Speaking of trying not to be noticed… I searched where I’d seen the beautiful stranger and deflated with disappointment. He was gone. Well, fine. One less ex-boyfriend in my future. I pivoted on the bench circling the fountain inside the lobby and studied the coins in the water. Some shiny, some dull, and others in between, they pretty much summed up the students at MCU. Or any school, for that matter. The shiny ones caught everyone’s attention, while the dull ones were the first to be overlooked. Like me.
I was a dull penny. Or at least I tried to be. I wasn’t very popular. It wasn’t like my social calendar was bursting at the seams. It was all by design. I preferred isolation over cliques. It was easier than having to explain all the weird things that happened around me.
A slight breeze lifted my hair from my neck, which made no sense since I was inside. Was there a window open? It felt good and cooled the sweat collecting on my forehead due to the ridiculous temperature in the lobby. It was February in Montana, for Christ’s sake. There were mountains of snow outside. This stifling heat made me stick
y and uncomfortable. Knowing my luck, I’d end up with sweat stains.
I had nothing memorable about me, from my boring red hair hiding my boring features, to my boring body that was taking its own sweet time developing. I was a girl on the verge of twenty-one but stuck with the figure of a fourteen-year-old. I might be invisible to the students of MCU, but they’d definitely notice something like sweat stains.

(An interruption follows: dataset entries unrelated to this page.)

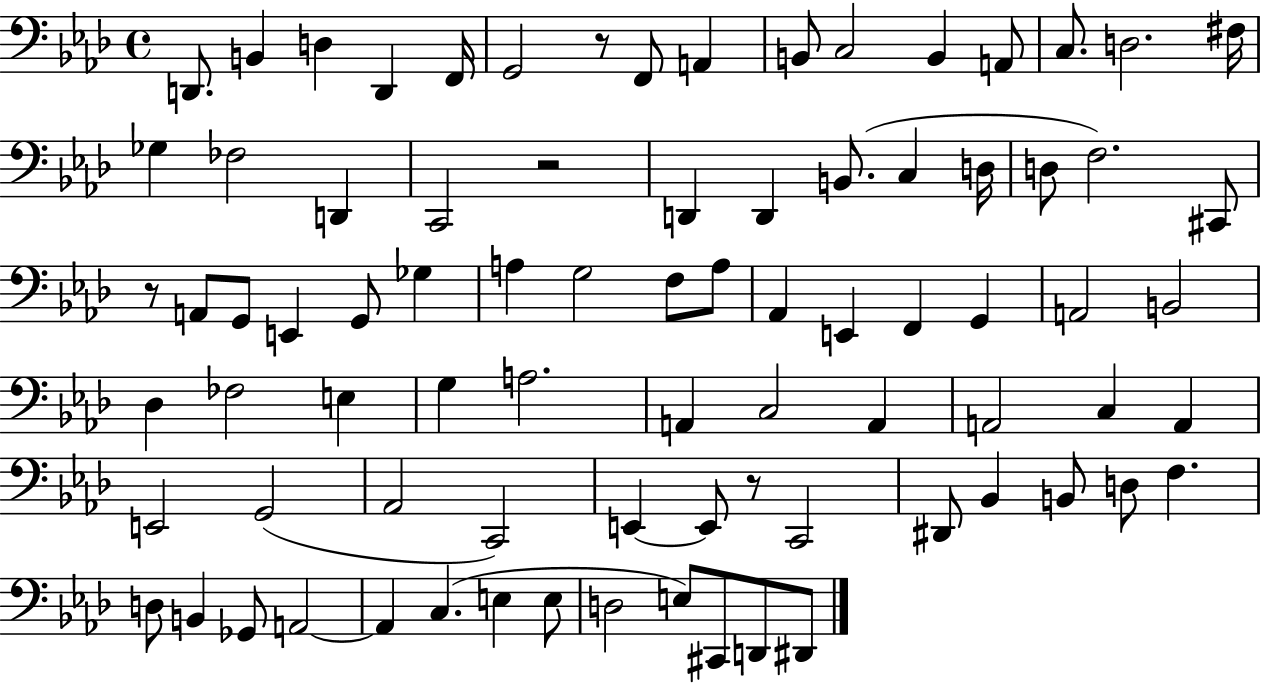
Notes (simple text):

D2/e. B2/q D3/q D2/q F2/s G2/h R/e F2/e A2/q B2/e C3/h B2/q A2/e C3/e. D3/h. F#3/s Gb3/q FES3/h D2/q C2/h R/h D2/q D2/q B2/e. C3/q D3/s D3/e F3/h. C#2/e R/e A2/e G2/e E2/q G2/e Gb3/q A3/q G3/h F3/e A3/e Ab2/q E2/q F2/q G2/q A2/h B2/h Db3/q FES3/h E3/q G3/q A3/h. A2/q C3/h A2/q A2/h C3/q A2/q E2/h G2/h Ab2/h C2/h E2/q E2/e R/e C2/h D#2/e Bb2/q B2/e D3/e F3/q. D3/e B2/q Gb2/e A2/h A2/q C3/q. E3/q E3/e D3/h E3/e C#2/e D2/e D#2/e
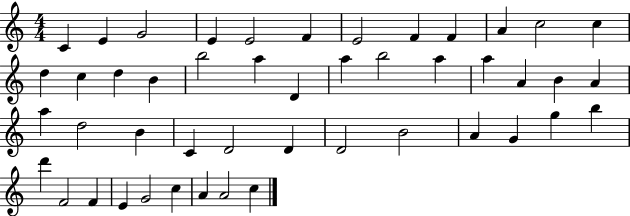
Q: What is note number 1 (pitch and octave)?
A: C4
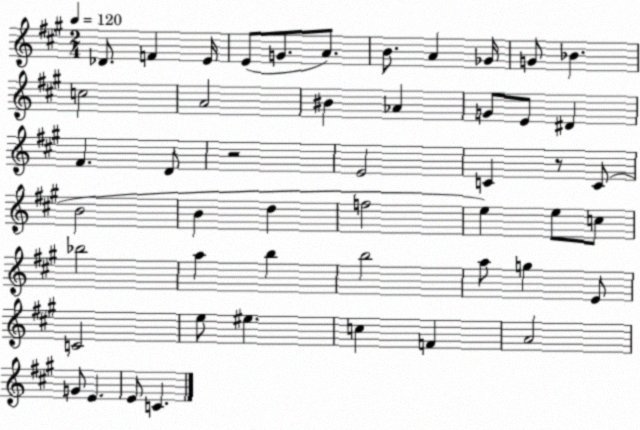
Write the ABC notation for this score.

X:1
T:Untitled
M:2/4
L:1/4
K:A
_D/2 F E/4 E/2 G/2 A/2 B/2 A _G/4 G/2 _B c2 A2 ^B _A G/2 E/2 ^D ^F D/2 z2 E2 C z/2 C/2 B2 B d f2 e e/2 c/2 _b2 a b b2 a/2 g E/2 C2 e/2 ^e c F A2 G/2 E E/2 C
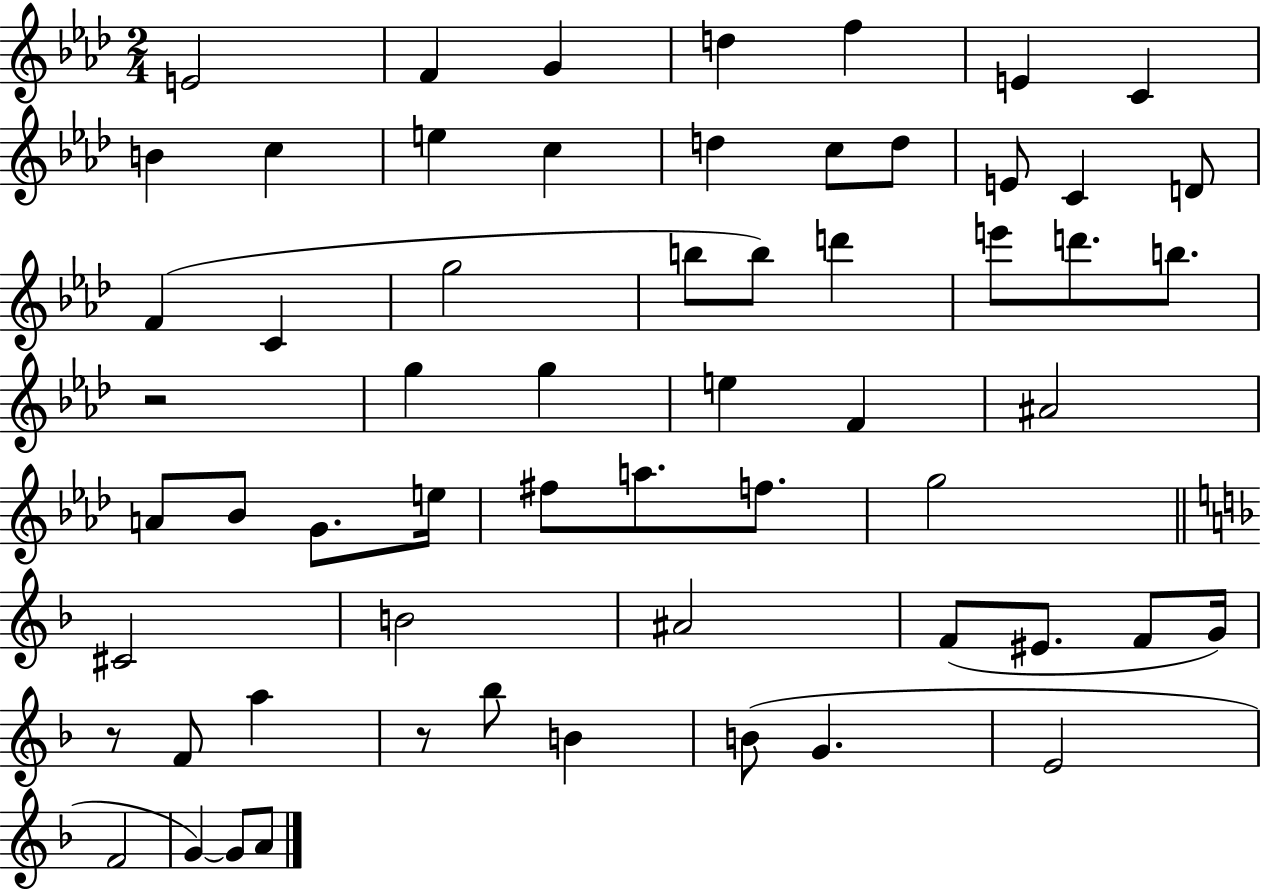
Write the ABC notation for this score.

I pulled off my sweater and shoved it into my bag. Why was it suddenly so damn hot in here? I willed a cool breeze to invade the oppressive heat inside the building.
And then…it cooled, just like that.
A rush of chills danced across my skin like ants with sharp pins for dancing shoes. I scratched at the uncomfortable feeling teasing my neck and thought back to the guy in the shadows, wishing he was still there. For reasons I couldn’t even begin to explain, I felt better having him watching me, which made no sense. I didn’t know him from the creepy dude who’d been staring at a group of teenage girls for the past two hours, and yet, I wanted to.
I glanced around the lobby, searching for the beautiful stranger. Instead, I caught someone else watching me. It took me a second to process who it was. My mouth fell open when it clicked.
Shit. It was my superpower.
Onyx, exactly as I’d drawn him, stared right at me. Well, sort of. His face was shadowed, as I’d pictured him—drawn him—for the comic. Until now. Shock held me prisoner, paralyzing my muscles. My breath hitched and froze in my lungs. He couldn’t be real. I’d just drawn him.